INPUT MATERIAL below:
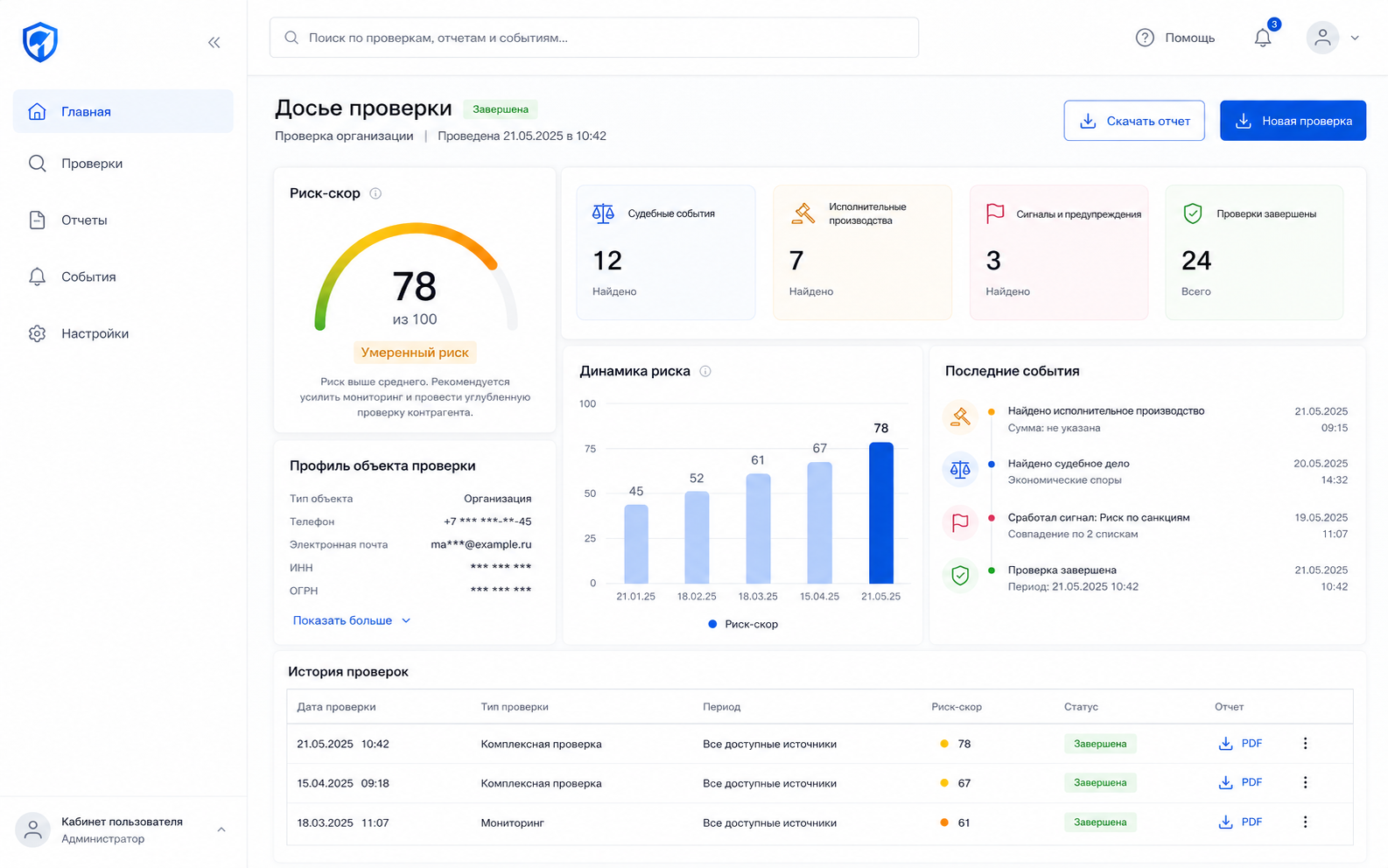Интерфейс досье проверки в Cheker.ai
End of INPUT MATERIAL.
INPUT MATERIAL below:
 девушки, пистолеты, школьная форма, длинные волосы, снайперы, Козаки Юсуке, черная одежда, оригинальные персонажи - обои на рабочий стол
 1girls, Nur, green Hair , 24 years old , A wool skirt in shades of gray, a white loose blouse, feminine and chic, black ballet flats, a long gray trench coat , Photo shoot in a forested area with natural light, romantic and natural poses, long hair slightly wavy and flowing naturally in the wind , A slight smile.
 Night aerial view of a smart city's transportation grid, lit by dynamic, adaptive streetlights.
End of INPUT MATERIAL.
EXERCISE BRIEF
Above are the records; repeat exactly the lines from the one holding "1girls, Nur, green" down to the one holding "Night aerial view", end lines included.

YOUR SOLUTION
 1girls, Nur, green Hair , 24 years old , A wool skirt in shades of gray, a white loose blouse, feminine and chic, black ballet flats, a long gray trench coat , Photo shoot in a forested area with natural light, romantic and natural poses, long hair slightly wavy and flowing naturally in the wind , A slight smile.
 Night aerial view of a smart city's transportation grid, lit by dynamic, adaptive streetlights.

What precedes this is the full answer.